Spence’s 1982 study of the revolution, The Gates of Heavenly Peace, focused on China’s writers and intellectuals, and their fate under the communists. His 2012 book The Search for Modern China (2012) is a lengthy but unparalleled examination of 20th century China.

In historiographical terms Spence is difficult to pin down, taking a fairly balanced view and acknowledging the political, social and cultural ‘uniqueness’ of China. With regard to Mao Zedong, Spence expresses the view that Mao was a ‘Lord of Misrule’, a man of contradictions who succeeded in spite of his failures. “Mao’s beginnings were commonplace, his education episodic, his talents unexceptional,” wrote Spence, “yet he possessed a relentless energy and a ruthless self-confidence that led him to become one of the world’s most powerful rulers”.

Quotations

“Opposition to the Qing had found a new focus in the elected assemblies of local notables that had been founded in every province on orders from the court… the assembly-men soon seized new prerogatives for themselves… and began to push for the convening of a national parliament and the right to wield full legislative power.”

“Sun’s followers had infiltrated the Qing armies… the Qing government’s clumsy attempt to solve [the railway issue] by nationalising the railways became a further volatile focus for provincial anger.”

“[The rape of Nanjing] by the Japanese on December 7th 1937 brought a literal and symbolic end to any myths of Guomindang power in their own capital city.”

“Mao was not involved in the planning [of the Long March]… it was a nightmare of death and pain.”

[“[The Zunyi Conference] gave a major boost to Mao’s prestige and it is to this time that one can date his move toward a commanding position within party leadership.”

“Mao in Yan’an could hail the war with ‘enthusiasm’, partly because his base area was well insulated from the most desperate areas of fighting.”

“Mao’s completion of the Long March, and the factional battles he had fought there, had brought him a leadership position in the Party, but it was by no means unchallenged… If Mao was to become the accepted leader of his Party, he not only had to win on the battlefield and have successful policies for rural and urban revolution, he also had to be able to hold his own as a theorist.”

“As Chen Boda was thus helping Mao construct an edifice of ideological dominance, Mao was also struggling with the task of keeping Yanan a viable economic and political base.”

“Those who baulked were punished.

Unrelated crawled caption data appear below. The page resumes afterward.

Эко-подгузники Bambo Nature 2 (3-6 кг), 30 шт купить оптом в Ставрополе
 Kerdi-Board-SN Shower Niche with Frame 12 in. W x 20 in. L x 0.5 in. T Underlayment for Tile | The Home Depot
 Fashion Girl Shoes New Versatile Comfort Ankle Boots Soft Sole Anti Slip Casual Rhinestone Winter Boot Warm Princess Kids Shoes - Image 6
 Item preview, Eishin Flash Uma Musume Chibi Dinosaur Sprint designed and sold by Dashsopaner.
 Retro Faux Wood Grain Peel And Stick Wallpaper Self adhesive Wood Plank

Random violence became common, and the ‘struggles’ became deadly for many in what was euphemistically known as the ‘rescue’ campaign’, supervised by Mao’s growing teams of security personnel.”

“Totally new in all its senses and its language, it [the Constitution of the Communist Party] stated with absolute directness: ‘The Chinese Communist Party takes Mao Zedong’s thought – the thought that unites Marxist-Leninist theory and the practice of the Chinese revolution – as the guide for all its work, and opposes all dogmatic or empiricist deviations.’ Marxism was now signified: the leader was the sage.”

“Under this system [of work units] many hardworking peasants indubitable got richer, while others were pushed to the margins of subsistence.”

“This harsh counter-offensive [the Anti-Rightist campaigns] destroyed hundreds of thousands of lives.”

“Both the Hundred Flowers movement and the launching of the Great Leap show Mao more and more divorced from any true reality check… and he himself seemed to care less and less for the consequences that might spring from his own erratic utterances.”

“By 1960 famine began to strike large areas of the country. Peng Dehuai was kept out of sight, his criticism ignored… The Maoist vision had finally tumbled into nightmare.”

“Mao did not precisely orchestrate the coming of the Cultural Revolution, but he established an environment that made it possible and helped to set many of the people and issues in place.”

“The number of victims from the uncoordinated violence of the Cultural Revolution is incalculable, but there were many millions. Some of these were killed, some committed suicide. Some were crippled or scarred emotionally for life.”

“[Mao’s meting with Richard Nixon in 1972 was] an extraordinary shift in policy by Mao… and is proof of the extraordinary power that Mao knew he had over his people. But it is one of the last times we can see that power being utilised to the full.”